Common Factor trick?

[AlphaBlaziken]

The question is how many factors of 144,000 that are also factors of 450,000. I think there's a trick to it. I tried to use the prime factors {2,2,2,2,3,3,5,5,5} because all the factor are made of them(?) I tried to use 9!/4!*3!*2! but it's wrong..Please help me. Thanks

 

[pka]

The question is how many factors of 144,000 that are also factors of 450,000. I think there's a trick to it. I tried to use the prime factors {2,2,2,2,3,3,5,5,5} because all the factor are made of them(?) I tried to use 9!/4!*3!*2! but it's wrong..Please help me. Thanks

First FACTOR as you did. Here is a web resource that will help you.
$\displaystyle 144,000=2^7\cdot3^2\cdot5^3~\&~450,000=2^4\cdot3^2\cdot5^5$

The GCF is $\displaystyle 2^4\cdot3^2\cdot5^3$. Thus the number of common divisors is $\displaystyle (4+1)(2+1)(3+1)=~?$
Why add 1 to each common exponent?

 

[AlphaBlaziken]

I'm sorry but could you explain why the common divisor is (4+1)(2+1)(3+1)= ? Is it some kind of formula?

 

[pka]

I'm sorry but could you explain why the common divisor is (4+1)(2+1)(3+1)=? Is it some kind of formula?

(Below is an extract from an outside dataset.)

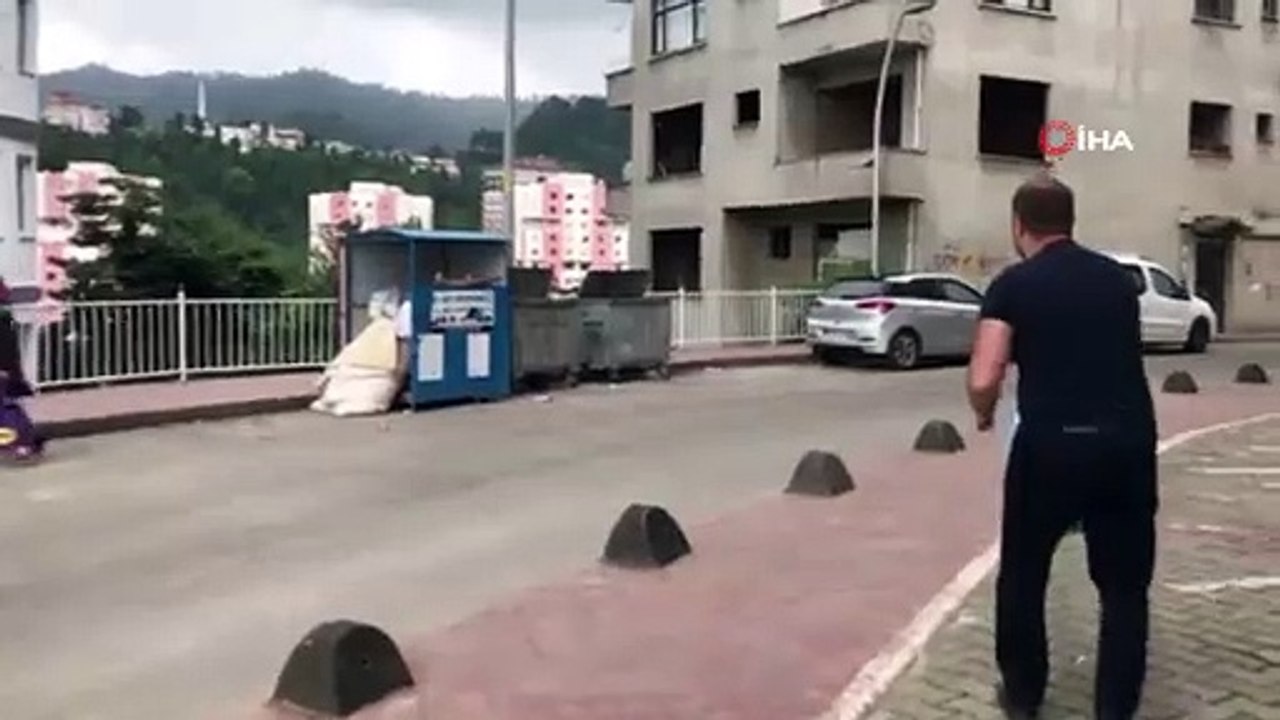 - Rizeli vatandaşın çöp atışı sosyal medyada gündem oldu
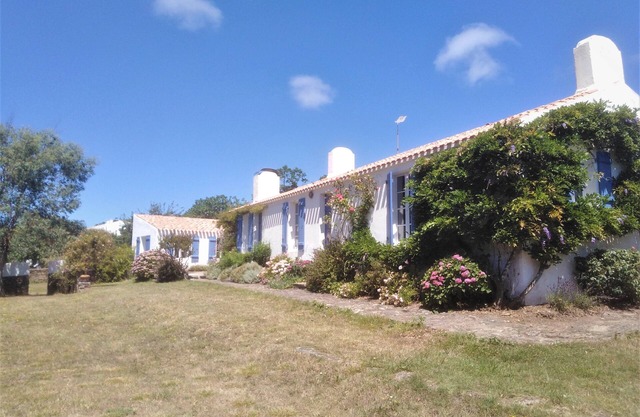 La Meule- large house with enclosed garden not overlooked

I would not call it a formula. It is a basic counting rule.

If $\displaystyle N=3^{6}\cdot5^3\cdot7^4\cdot11$ then the number $\displaystyle N$ has $\displaystyle (6+1)(4)(5)(2)$ divisors.

If $\displaystyle p^n$ is a in the prime factorization of $\displaystyle N$ then then +$\displaystyle p^j$ for $\displaystyle 0\le j\le n$ is a divisor of $\displaystyle N$.
That is $\displaystyle j+1$ values for the exponent: $\displaystyle j=0,1,2,\cdots,n-1,n$ or $\displaystyle n+1$ values.
The is true for each exponent in the prime factorization of $\displaystyle N$.

 

[Steven G]

I'm sorry but could you explain why the common divisor is (4+1)(2+1)(3+1)=? Is it some kind of formula?

Come on pka clearly said Thus the number of common divisors is (4+1)(2+1)(3+1) not the common divisor is (4+1)(2+1)(3+1)

 

[AlphaBlaziken]

Come on pka clearly said Thus the number of common divisors is (4+1)(2+1)(3+1) not the common divisor is (4+1)(2+1)(3+1)

Yeah, I meant how do you know the number is that. I didn't get it why would you add 1 to the exponent.
@pka Thanks, it's all clear now.